Trophy Hunting of Bears

bearsby Ian McAllister

In April, the BC government once again opened the gratuitous sport hunt of bears in the Great Bear Rainforest and across BC. The genetically distinct Haida black bear is being targeted as well as the monarch of the rainforest – the grizzly. Even the coastal black bear that carries the recessive gene that produces the pure white bear, or Spirit bear, can legally be killed in over 98% of its range. 

In 2007, 430 grizzlies were killed in BC, 363 of them by sport hunters, making the year the highest rate of hunter-caused mortality of this iconic bear since records have been kept.
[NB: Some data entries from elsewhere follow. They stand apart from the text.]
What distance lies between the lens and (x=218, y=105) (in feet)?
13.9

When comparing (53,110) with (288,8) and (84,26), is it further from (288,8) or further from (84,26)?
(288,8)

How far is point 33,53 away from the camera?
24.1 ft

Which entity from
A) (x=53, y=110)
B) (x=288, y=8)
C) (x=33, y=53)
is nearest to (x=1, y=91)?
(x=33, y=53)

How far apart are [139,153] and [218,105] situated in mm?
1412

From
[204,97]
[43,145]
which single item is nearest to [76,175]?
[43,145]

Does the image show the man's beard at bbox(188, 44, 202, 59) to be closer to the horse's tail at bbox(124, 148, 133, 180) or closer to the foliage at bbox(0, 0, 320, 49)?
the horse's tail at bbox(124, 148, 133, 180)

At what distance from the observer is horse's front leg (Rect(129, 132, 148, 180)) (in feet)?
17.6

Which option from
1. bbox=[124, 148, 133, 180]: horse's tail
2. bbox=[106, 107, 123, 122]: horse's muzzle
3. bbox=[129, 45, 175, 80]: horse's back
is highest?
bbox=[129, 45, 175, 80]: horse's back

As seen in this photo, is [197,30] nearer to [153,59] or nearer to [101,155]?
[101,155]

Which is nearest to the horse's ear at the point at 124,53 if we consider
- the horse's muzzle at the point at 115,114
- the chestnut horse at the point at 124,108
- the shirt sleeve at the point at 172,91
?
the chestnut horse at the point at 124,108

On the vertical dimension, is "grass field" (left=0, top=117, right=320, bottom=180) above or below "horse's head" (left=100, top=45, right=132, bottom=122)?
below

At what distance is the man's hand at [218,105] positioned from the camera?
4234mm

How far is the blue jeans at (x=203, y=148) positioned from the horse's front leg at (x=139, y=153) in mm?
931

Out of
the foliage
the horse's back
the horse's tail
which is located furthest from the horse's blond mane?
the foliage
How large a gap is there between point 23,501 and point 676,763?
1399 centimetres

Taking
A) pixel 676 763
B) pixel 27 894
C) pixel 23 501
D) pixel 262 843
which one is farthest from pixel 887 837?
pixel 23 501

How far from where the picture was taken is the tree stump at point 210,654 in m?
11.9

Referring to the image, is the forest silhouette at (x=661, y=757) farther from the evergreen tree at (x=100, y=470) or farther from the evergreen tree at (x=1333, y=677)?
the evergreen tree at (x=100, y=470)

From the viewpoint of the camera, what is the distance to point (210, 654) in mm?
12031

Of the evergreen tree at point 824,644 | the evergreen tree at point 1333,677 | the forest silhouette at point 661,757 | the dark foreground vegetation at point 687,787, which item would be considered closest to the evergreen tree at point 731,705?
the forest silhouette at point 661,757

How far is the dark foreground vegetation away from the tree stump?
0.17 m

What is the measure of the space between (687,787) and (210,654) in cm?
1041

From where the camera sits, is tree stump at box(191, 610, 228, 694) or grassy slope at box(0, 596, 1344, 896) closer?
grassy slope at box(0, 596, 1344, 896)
In 2009, approximately 300 grizzly bears were killed. These sad statistics put the lie to the provincial government's own description of grizzlies as "perhaps the greatest symbol of the wilderness" whose "survival will be the greatest testimony to our environmental commitment." Many of these bears are killed within the 60 provincial parks and conservancy areas where it is still legal to trophy hunt bears and a disturbingly large percentage of the bears killed are reproductive -aged females. 

Conservationists and independent scientists have been saying for years that the grizzly sport hunt in its current form reveals a provincial government sorely out of step with reality on three fronts – grizzly bear science, economics, and public opinion. First Nations have been pleading with the government to stop the hunt because, as Art Sterritt from Coastal First Nations describes: "This is not a sport, it is a senseless slaughter. The trophy hunt goes against every moral teaching that we carry and is disrespectful to our culture and values."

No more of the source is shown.